Developer: Ahmed Khalifa
Launcher Quote: “Life is not a race. Life is not about being the best; it is about enjoying the journey. It sounds counterintuitive, but stopping to enjoy life helps us to be better people. We can see what is happening around us. We can smell the roses, enjoy company, and try new and wonderful things. These things will not only help us to relax, they will also help us along our journey.”
The saying “stop and smell the roses” or, its more popularized version in 80s movie “Ferris Bueller’s Day Off” of taking the time to look around while you’re going through life, is an age-old piece of advice that I think has a lot of applicable meaning outside of just life as a whole. It can apply to a variety of experiences in life, such as going through school, getting involved in activities, meeting friends, building a successful career, and a bunch of other types of events. In all of these, what you learn during the journey and how you decide to experience it is said to be just as important as getting past that hump and moving on to the next thing.
This game is a bit curious as it not only gives that advice but it also seemingly penalizes you for going too fast. In many games, especially when you decide you’re going to consume them at a breakneck speed, you’re given a priority to try to get your ass to the next goal and do so in the most efficient way possible. That’s a worthy attitude to take, and surely the right one if you want to make sure you’re playing games at a rate that doesn’t take up all of your time, but it might be the right one.

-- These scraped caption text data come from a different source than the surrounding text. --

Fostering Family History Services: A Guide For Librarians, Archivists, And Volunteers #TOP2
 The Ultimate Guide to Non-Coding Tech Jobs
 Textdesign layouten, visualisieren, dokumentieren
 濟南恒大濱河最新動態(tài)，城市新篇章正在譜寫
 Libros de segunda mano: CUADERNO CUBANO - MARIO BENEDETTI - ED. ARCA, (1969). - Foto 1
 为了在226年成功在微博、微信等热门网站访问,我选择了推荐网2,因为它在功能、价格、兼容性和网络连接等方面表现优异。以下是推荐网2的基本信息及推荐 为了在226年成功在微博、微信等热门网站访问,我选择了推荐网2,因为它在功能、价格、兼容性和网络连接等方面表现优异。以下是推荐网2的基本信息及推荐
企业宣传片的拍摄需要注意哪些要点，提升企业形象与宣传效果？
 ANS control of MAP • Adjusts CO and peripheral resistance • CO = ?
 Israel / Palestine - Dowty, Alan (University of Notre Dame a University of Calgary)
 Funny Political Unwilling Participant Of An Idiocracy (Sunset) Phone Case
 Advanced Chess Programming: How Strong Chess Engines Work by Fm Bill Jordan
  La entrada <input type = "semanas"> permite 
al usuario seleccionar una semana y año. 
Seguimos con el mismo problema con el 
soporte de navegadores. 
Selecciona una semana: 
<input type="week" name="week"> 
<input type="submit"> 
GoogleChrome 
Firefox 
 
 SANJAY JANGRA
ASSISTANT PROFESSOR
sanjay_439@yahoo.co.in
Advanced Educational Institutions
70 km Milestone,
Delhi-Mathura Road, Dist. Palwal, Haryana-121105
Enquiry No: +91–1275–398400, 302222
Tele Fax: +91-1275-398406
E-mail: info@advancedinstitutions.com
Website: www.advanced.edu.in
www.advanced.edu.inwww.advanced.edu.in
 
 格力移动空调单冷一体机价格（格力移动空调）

Games, as in life, are at times meant to be experienced as much as they are to be played, and when I went way too fast for this one, it rewarded me with a bit of an early grave (literally). Going at a leisurely pace allowed me to make meaningful progress and also to notice the little things in the presentation that made the game interesting, like the little changes in scenery and how your character subtly changes as far as going through life. It’s a forced, yet meaningful re-framing of the games experience (and perhaps the life one) and is something that I think more of us could stand to learn from.